**Task to carry out**
Using the listing below, retype only the lines from the line with "A man holding" through the end, both ends included, and exclude the pictures.

**Exercise data**
-- Opening Marker --

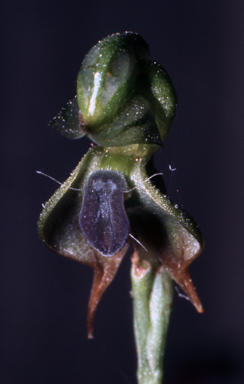 APII jpeg image of Pterostylis gibbosa  © contact APII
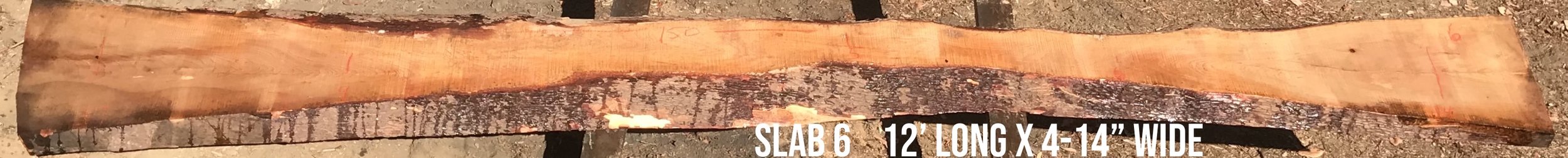 IMG_3488.jpeg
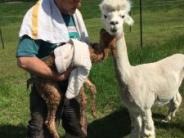 A man holding a baby alpaca up to a white adult alpaca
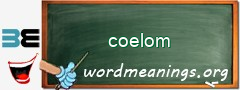 WordMeaning blackboard for coelom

-- Closing Marker --

**Result**
 A man holding a baby alpaca up to a white adult alpaca
 WordMeaning blackboard for coelom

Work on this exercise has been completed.